8. Primary Workflows

  1. Capture → Act loop

    • see generates snapshot files + annotated PNG (optional) and prints the snapshot_id.
    • Interaction commands automatically pick up the freshest snapshot (unless --snapshot overrides) and autofocus the relevant window.
    • Logs + JSON output include timings, UI bounds, and hints for debugging (e.g., element not found suggestions).
  2. Configuration & Permissions

    • peekaboo config manages ~/.peekaboo/config.json (JSONC), credentials, and custom AI providers. Commands directly call ConfigurationManager so the CLI/app read identical settings at startup.
    • peekaboo permissions status|grant uses PermissionHelpers to inspect/describe Screen Recording, Accessibility, Full Disk Access, etc. All automation commands should fail fast with actionable errors when permissions are missing.
  3. Automation Scripts & Agents

    • .peekaboo.json scripts (executed via peekaboo run) call the same commands internally; results are aggregated into ScriptExecutionResult for CI-friendly logging.
    • peekaboo agent builds on top of those tools: it plans via GPT5/Sonnet, emits progress (Visualizer + stderr), and stores session history so users can resume or inspect steps. Agents always call the public CLI tools, so debugging any failure is as simple as rerunning the emitted sequence manually.
  4. MCP Server

    • Running peekaboo mcp or peekaboo mcp serve lets Codex, Claude Code, Cursor, or MCP Inspector consume Peekaboo tools directly.

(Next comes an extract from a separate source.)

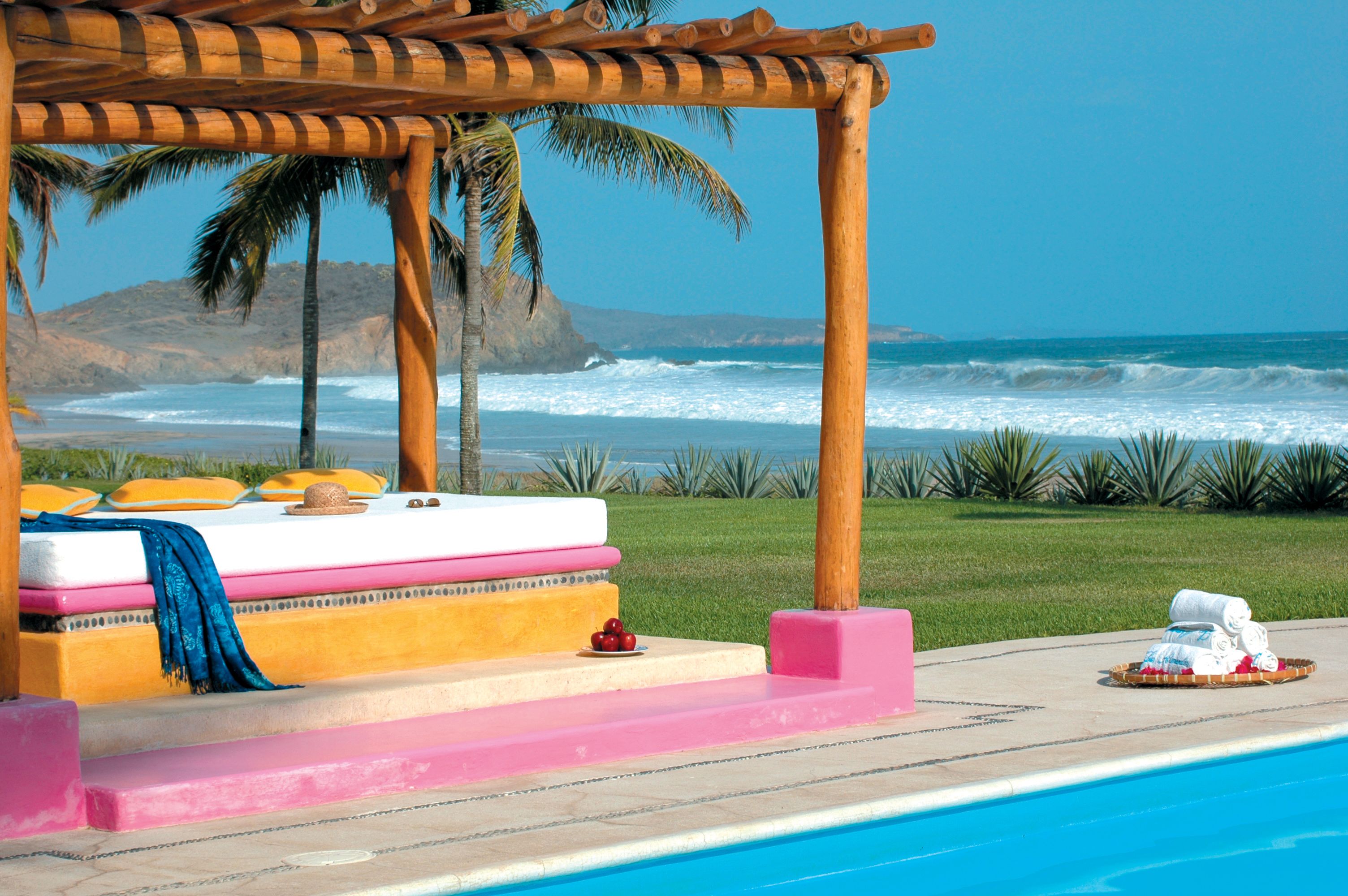 Uma área de piscina à beira-mar, com espreguiçadeira, toalhas e um cesto de objetos.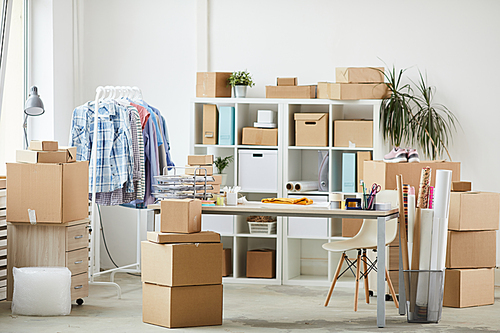 Group of supplies on desk, stacks of boxes, rack with casualwear and shelves in office of contemporary online shop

9. Future Work & Open Questions

  • Space/window telemetry: continue refining SpaceCommand outputs so CLI/app/agent logs include explicit display + Space IDs for every focused window.
  • Right-button swipes: SwipeCommand currently rejects --right-button; hooking that path up through AutomationServiceBridge.swipe is tracked separately.
  • Inspector unification: Peekaboo.app, CLI overlays, and docs/research/interaction-debugging.md fixtures should share a single component catalog so new detectors (e.g., hidden web fields) land once and benefit all surfaces.

For flag-level behavior, troubleshooting steps, and real-world examples, refer to the per-command docs in docs/commands/. This spec focuses on how the pieces fit together; the command docs capture day-to-day usage.